The angiosome concept of perfusion was first described in 1987 by Taylor and Palmer.1 Treatment that is based on the angiosome concept can help wounds to heal and may preserve limbs.2,3 In a retrospective analysis, Alexandrescu et al gathered specific Wagner 1-4 diabetic foot ulcers in Rutherford category 5-6 ischemic limbs. The researchers applied the angiosome concept in primary below-the-knee angioplasty for limb salvage. They reported complete healing of foot ulcers with or without minor limb amputation in 98 of 124 limbs,3 which is similar to preliminary results observed by others.2
The anterior tibial artery descends the front of the lower leg and becomes the dorsalis pedis artery, which transverses the ankle and dorsum of the foot.
The dorsalis pedis artery branches into the lateral and medial tarsal arteries—which supply blood to the side and middle of the foot, respectively—and continues to descend through the foot, where it becomes the arcuate artery, from which the dorsal metatarsal arteries extend.
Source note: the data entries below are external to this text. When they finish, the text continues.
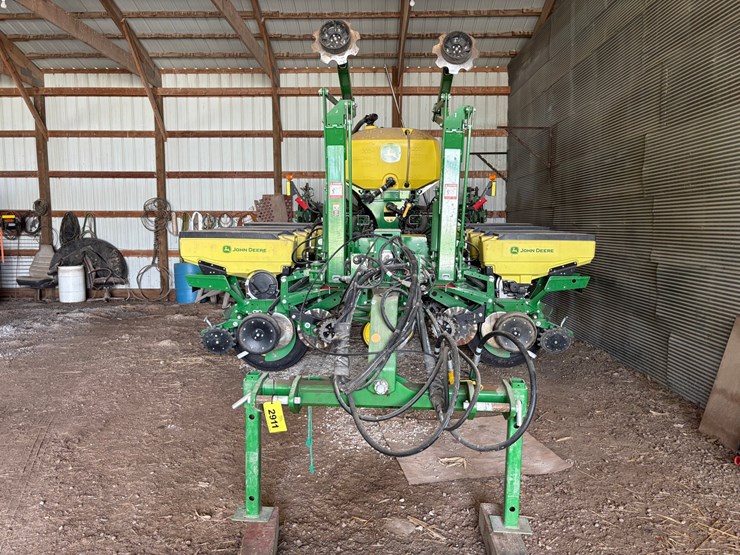 john-deere-1775-image-4
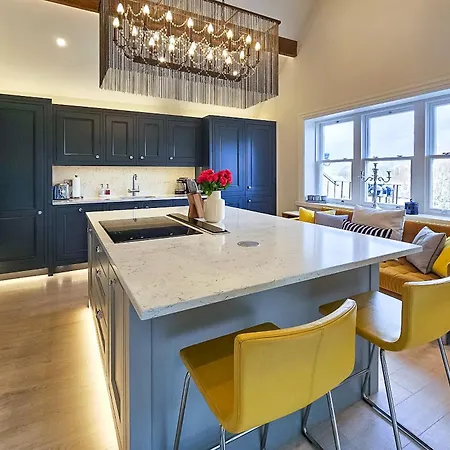 아파트 Exclusive 3 Bedroom Penthouse - 2 Bath & Mezzanine 해러게이트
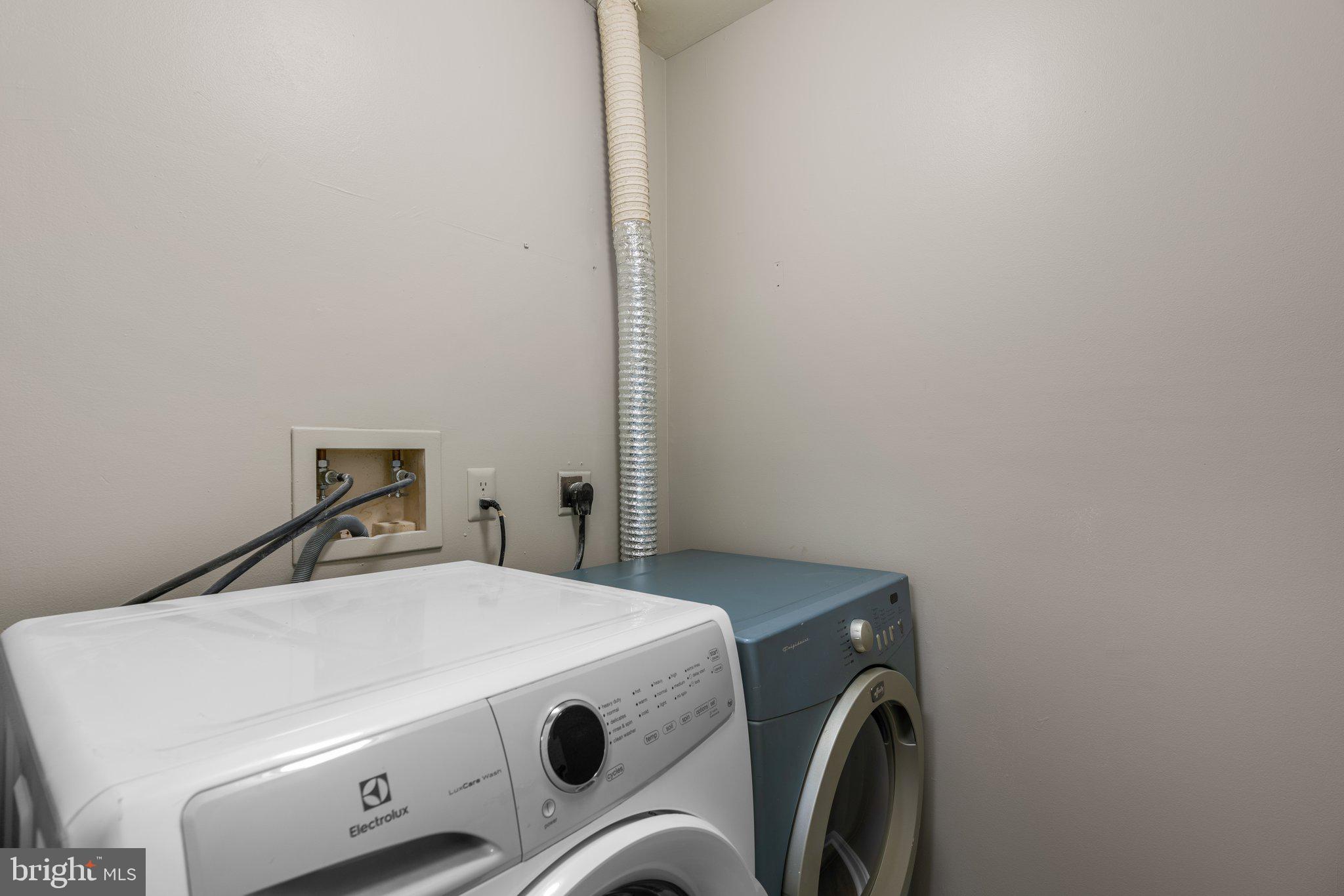 18302 Streamside Dr #104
The dorsal metatarsal arteries become the dorsal digital arteries, which supply blood to the toes.
The lateral calcaneal artery is a terminal segment of the peroneal artery that descends into the heel and supplies it with blood.
The lateral plantar artery descends through the foot and converges with the plantar arch, from which the plantar metatarsal arteries extend. The plantar metatarsal arteries become the plantar digital arteries, which supply blood to the toes.
The medial calcaneal artery (MCA) ascends from the posterior tibial artery (PTA) just before the PTA bifurcates into the lateral and medial plantar arteries. The MCA runs toward the back of the heel, where it converges with the lateral calcaneal artery and supplies blood to the heel.
The medial plantar artery descends through the foot and converges with the first dorsal metatarsal artery. The first dorsal metatarsal artery bifurcates at the split between the first and second toes and supplies them with blood.
The posterior tibial artery descends the back of the lower leg, branches into the fibular artery, and continues toward the foot, where it bifurcates into the lateral and medial plantar arteries at the ankle.
1. Taylor GI, Palmer JH. The vascular territories (angiosomes) of the body: experimental study and clinical applications. Br J Plast Surg.1987;40(2):113-141.
2. Iida O, Nanto S, Uematsu M, et al. Importance of the angiosome concept for endovascular therapy in patients with critical limb ischemia.Catheter Cardiovasc Interv. 2010;75(6):830-836.
3. Alexandrescu VA, Hubermont G, Philips Y, et al. Selective primary angioplasty following an angiosome model of reperfusion in the treatment of Wagner 1-4 diabetic foot lesions: practice in a multidisciplinary diabetic limb service. J Endovasc Ther. 2008;15(5):580-593.